Supposedly, a Boeing 747 could fly through the cave without damaging its wings, but that doesn’t really do justice to the true vastness of Son Doong. The stalagmites here are pretty massive too, with some reaching up to a whopping 70 metres, writes the article.

Son Doong cave was first discovered in 1990 by Ho Khanh, a local man in Phong Nha town of Bo Trach district in Quang Binh province. It was later announced as the largest cave in the world with a volume of 38.5 million cubic metres, following exploration trips by the Royal British Cave Association.

The cave stretches for nine kilometres long and is punctuated by two huge ceiling collapses which invite in natural light to pour into the cave.

Son Doong is located in the heart of Phong Nha-Ke Bang National Park and is a UNESCO World Heritage Site.
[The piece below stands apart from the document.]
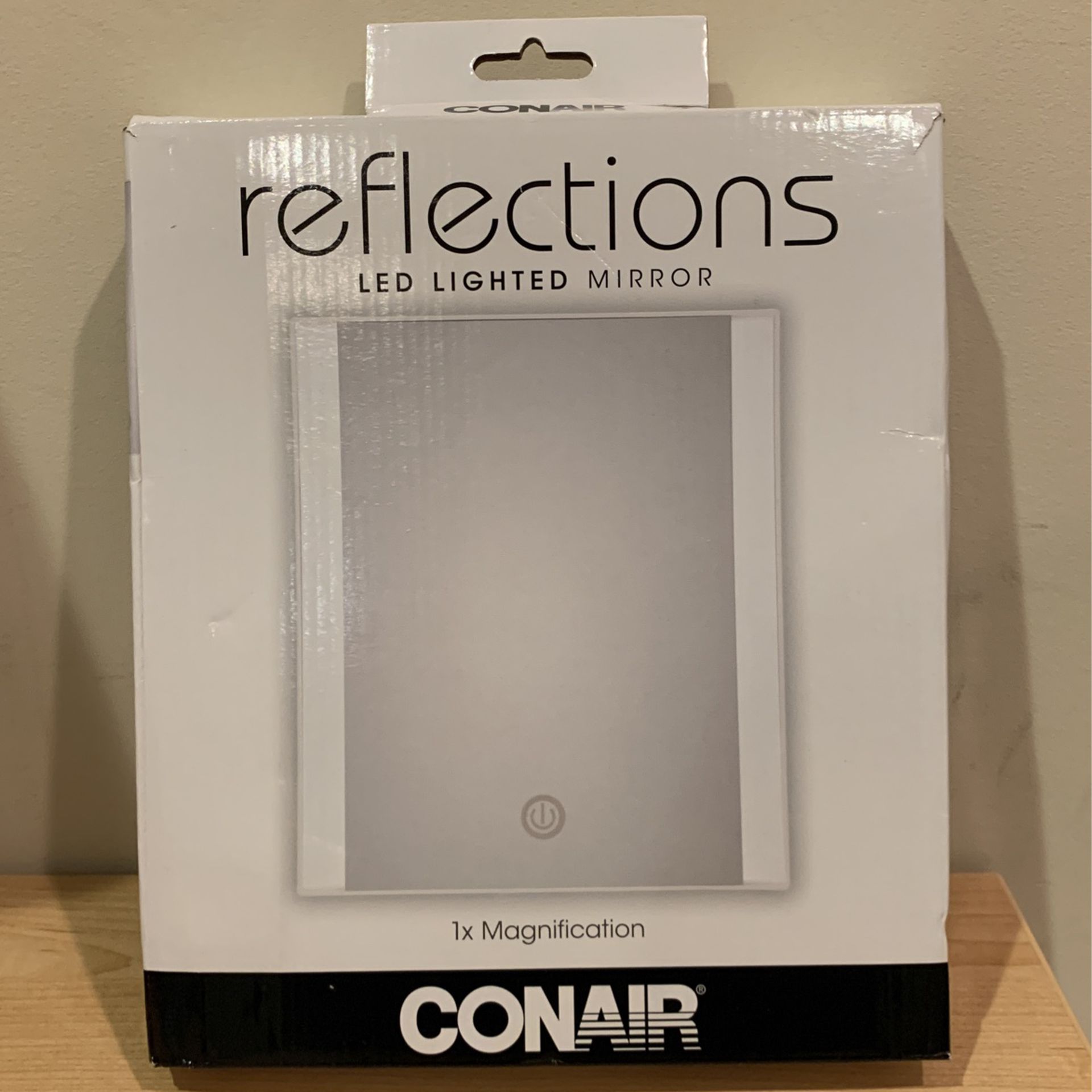 New in box Conair Reflections LED lighted makeup mirror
It first opened to tourists in 2013.

The cave system includes at least 150 individual caves, a dense subterranean jungle, along with several underground rivers. British magazine Conde Nast Traveler named Son Doong as one of the seven must-explore wonders of 2020.

Son Doong cave tour is currently considered to be the most expensive and attractive tour in Vietnam with a ticket priced at about VND72 million, equal to US$3,000, per person for a six-day and five-night tour. Each tour is made up of 10 visitors and about 30 supporters serving as cave safety experts, guides, safety assistants, chefs, and rangers, whilst others help to carry luggage, food, and camping equipment.

Mammoth Cave in the United States tops the list of the 10 best caves in the world as compiled by Timeout. It is followed by Škocjan in Slovenia and Waitomo Caves in New Zealand.

Son Doong cave ranks sixth, above Reed Flute Cave of China which is also known as the ‘Palace of the Natural Arts’.